Olu of Warri
- Reign: c. 1643–c. 1653 (traditional chronology)
- Predecessor: Atuwatse I
- Successor: Omoluyiri
- House: House of Ginuwa
- Religion: Catholicism

= Oyenakpagha =

Seventeenth-century Olu of Warri

Oyenakpagha (also rendered Oyenakpara and Obanighenren; known in seventeenth-century European records as Dom Antonio Domingos) was an Olu of the Kingdom of Warri, or Iwere, in the western Niger Delta. Modern Itsekiri king lists count him as the eighth Olu and conventionally date his reign to about 1643–1653. The contemporary evidence establishes that Dom Antonio was ruling by 1644; historian A. F. C. Ryder considered him probably also to have been the Olu who wrote to the pope in 1652. The precise dates of his accession and death are not documented.

His reign belongs to a period in which the Warri court maintained extensive connections with the Portuguese-speaking Atlantic world. A report concerning the kingdom in 1644 describes a Catholic ruler of mixed African and European ancestry who dressed in Portuguese fashion, and a capital containing a furnished church and Portuguese-literate inhabitants. The report's account of his parentage conflicts, however, with an episcopal record of 1620 and with a later Itsekiri tradition; historians therefore do not agree on whether he was a son or a maternal grandson of his predecessor, Olu Atuwatse I (Dom Domingos).

The ruler's best-documented act was an appeal written in Portuguese from Ode-Itsekiri on 20 November 1652 to Pope Innocent X. It asked for Capuchin missionaries after the kingdom had gone more than seven years without a priest, requested relics, and offered the religious obedience of the Olu and his kingdom to the papacy. Ryder regarded it as the oldest surviving letter by a Nigerian known to scholarship when he published it in 1960.

==Names, identification and chronology==

European writers rendered Iwere, the name of the kingdom, in forms including Oere, Oery and Ouwerre. An account published by the Dutch geographer Olfert Dapper in 1668, drawing on information concerning Warri in 1644, calls the reigning king Dom Antonio de Mingo. Ryder rendered the name as Dom Antonio Domingos.

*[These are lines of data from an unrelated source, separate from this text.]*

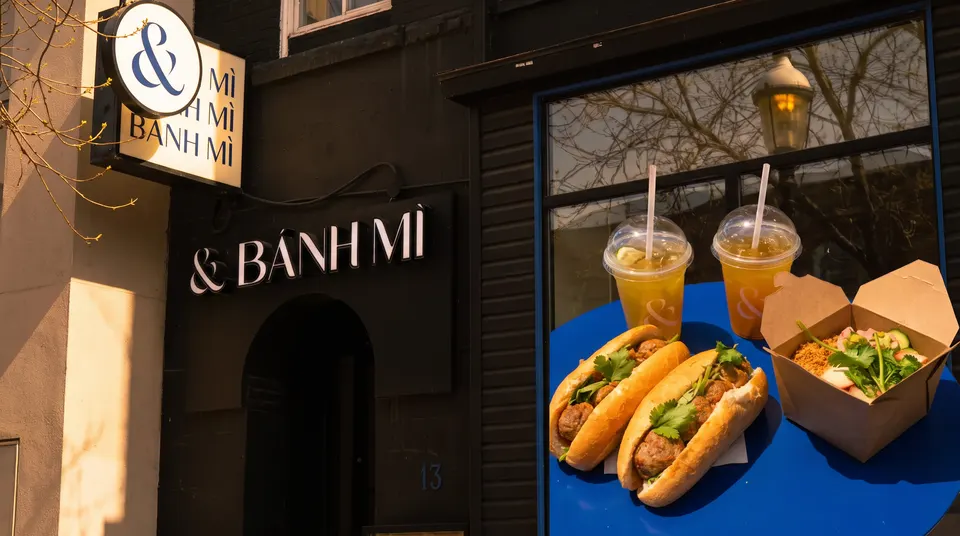 And Banh Mi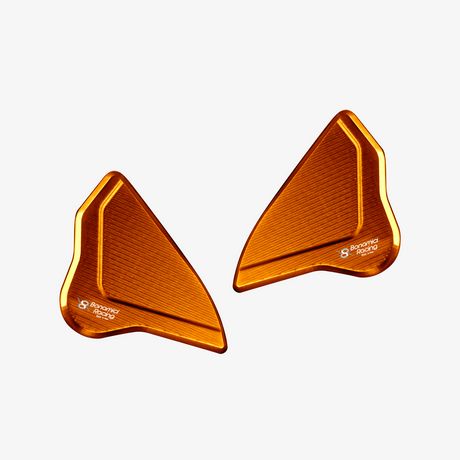 Mirror Block - Yamaha YZF R7 - Orange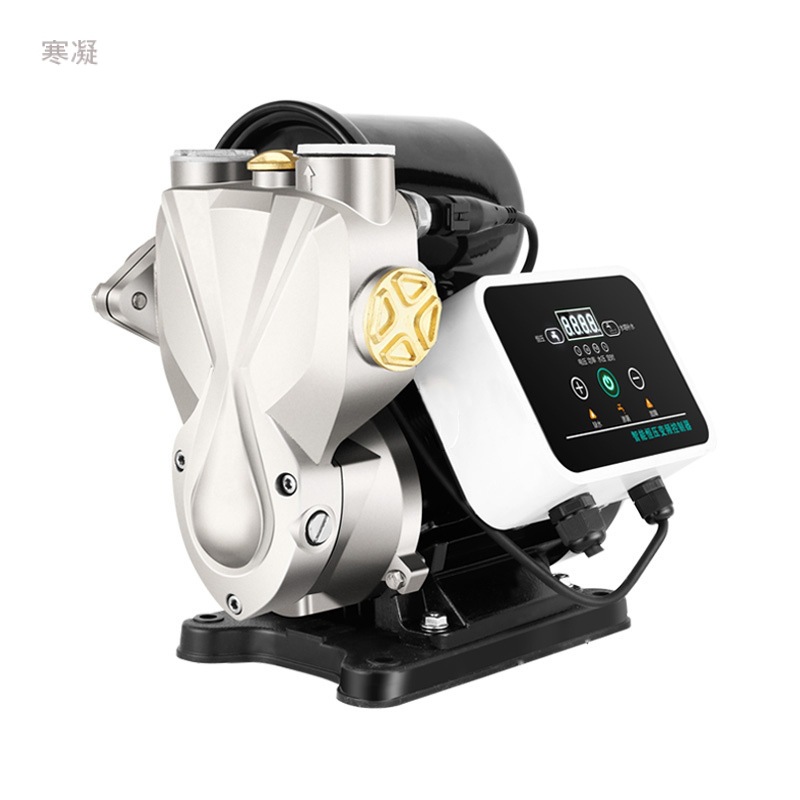 极速新品变d频增压泵家用自来水加压泵全自动静音不锈钢水泵管道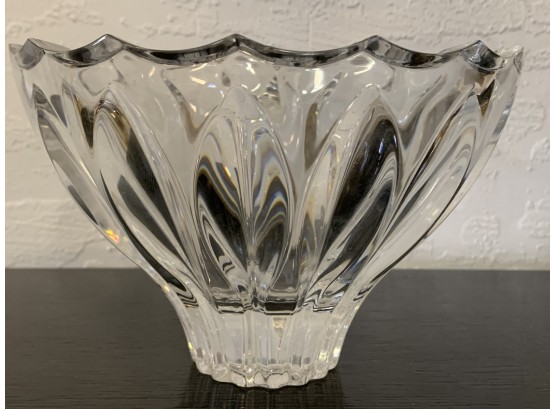 Lead Crystal Bowl Made In Slovenia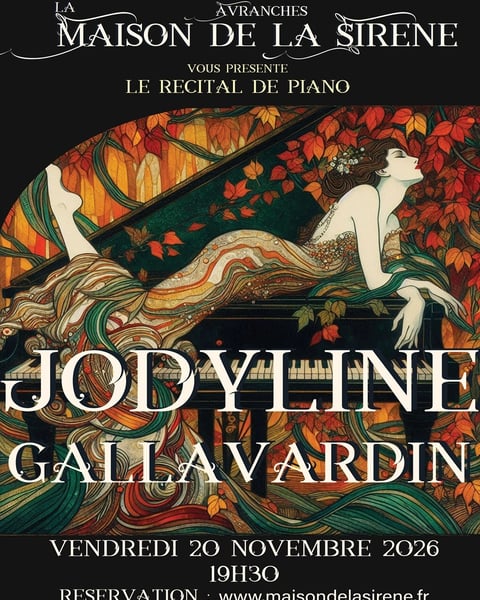 Concert musique classique > Jodyline Gallavardin - Sirènes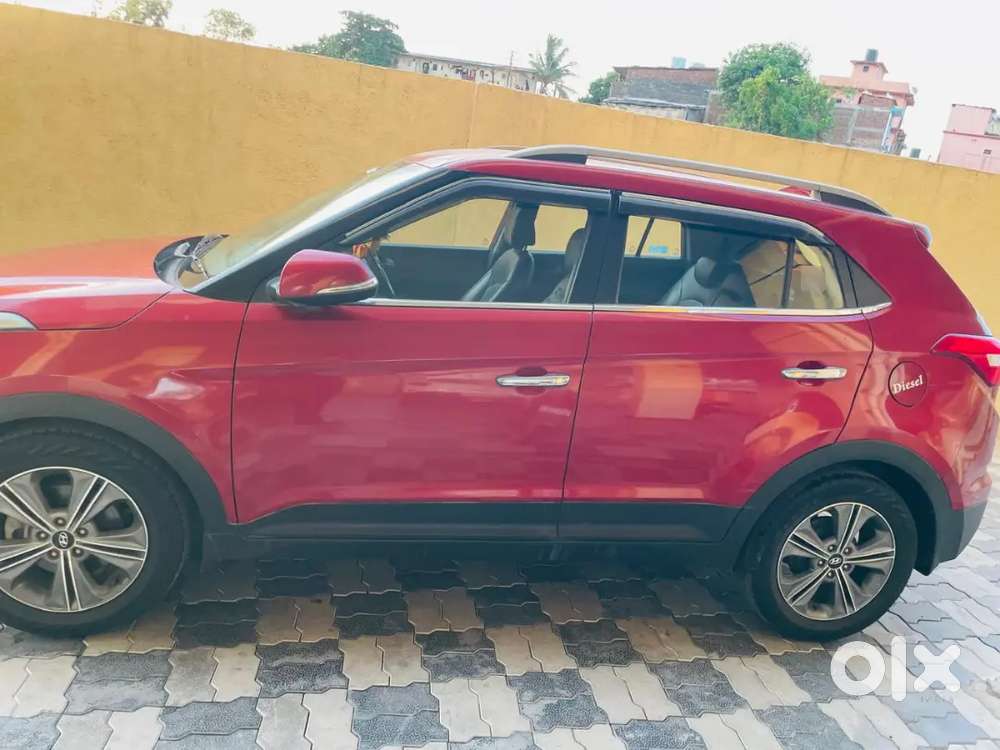 Hyundai Creta Diesel Manual 2018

Later scholarship has identified this ruler with the Oyenakpara of Itsekiri oral history, while recent dynastic lists generally use the spelling Oyenakpagha.

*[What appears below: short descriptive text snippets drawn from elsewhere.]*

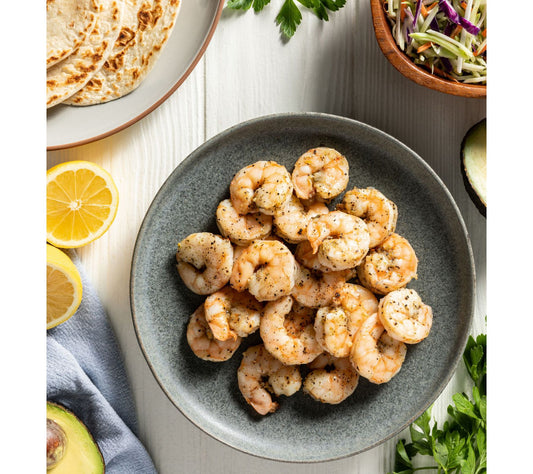 Prime Shrimp (6) 8-oz Cook-in-Bag Seasoned Shrimp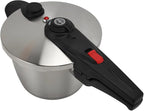 GLOGLOW Electric Pressure Cooker 304 Stainless Steel Multi Cooker, Quick Cooking for Home Kitchen with Pressure Control and Versatile Functions Kitchen Appliances (4L)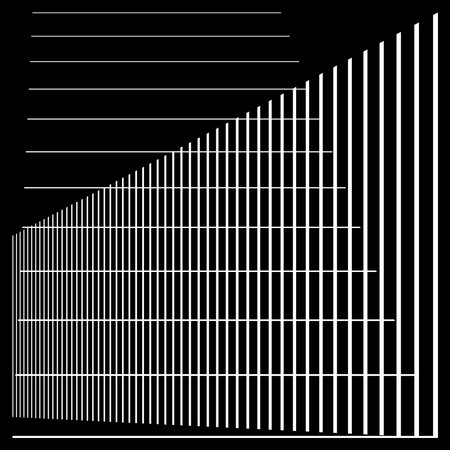 Abstract random grid, mesh. Lattice grating and grille pattern with oblique diagonal slanting lines...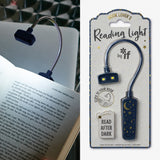 If USA Book Lover's Reading Light: Moon & Stars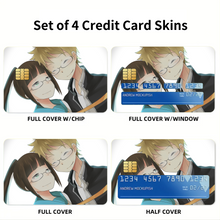 Load image into Gallery viewer, Nisekoi Shuu Maiko, Ruri Miyamoto Credit Card Skins (4-in-1 Pack)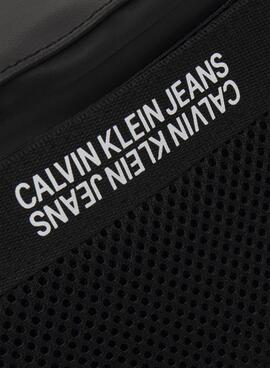 Bumbag Calvin Klein Jeans Utility Grid Preto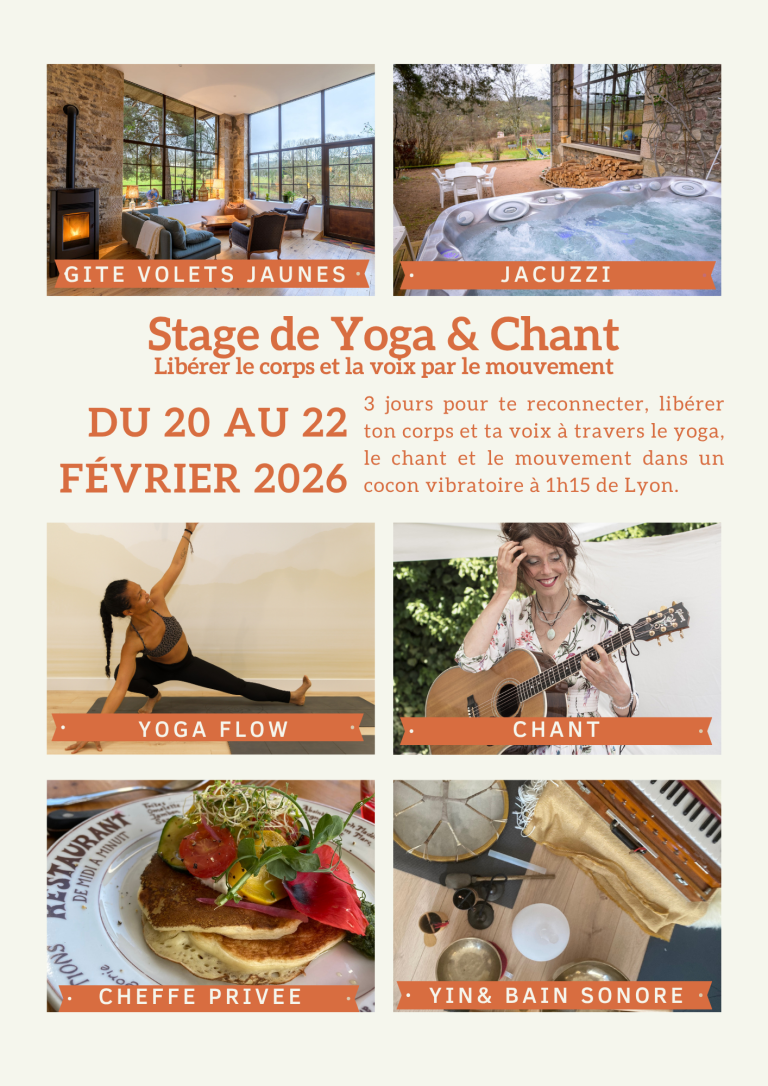 Pandi Flow Stage de Yoga Flow & Chant 🎶Libérer le corps et la voix par le ...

Ayida, drawing on an Itsekiri account recorded by William A. Moore, gives Antonio's epithet as “the prince with the golden skin”. The forms Obanighenren and Benighere occur in later accounts associated with this tradition. These Itsekiri names were preserved orally rather than in the surviving seventeenth-century documents. Fonseca consequently cautions that the pairing of Portuguese royal names with names in modern Itsekiri king lists is a later historical identification, rather than a usage demonstrated in the contemporary Portuguese records.

The reign dates of 1643–1653 similarly come from the received dynastic chronology. The firm chronological points are that Atuwatse's father was still Olu in 1620, that Dom Antonio was king in 1644, and that an Olu—probably Antonio—sent the papal appeal in 1652. It is therefore more accurate to treat the conventional dates as approximate.

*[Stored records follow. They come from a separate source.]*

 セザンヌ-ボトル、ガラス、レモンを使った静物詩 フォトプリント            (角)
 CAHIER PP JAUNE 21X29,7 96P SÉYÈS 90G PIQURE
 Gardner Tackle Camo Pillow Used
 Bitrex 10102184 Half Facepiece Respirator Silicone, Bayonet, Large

==Parentage and early life==

Dapper's account describes Antonio as a man of mixed ancestry and states that he was a son of Domingos by the Portuguese woman whom Domingos had brought home from Europe. The woman is identified in Portuguese records as Maria Pereira, a daughter of Dom Cristóvão Pereira and granddaughter of the Count of Feira. This would make Antonio a son of Atuwatse I and a direct product of the dynastic marriage that linked the Warri and Portuguese elites.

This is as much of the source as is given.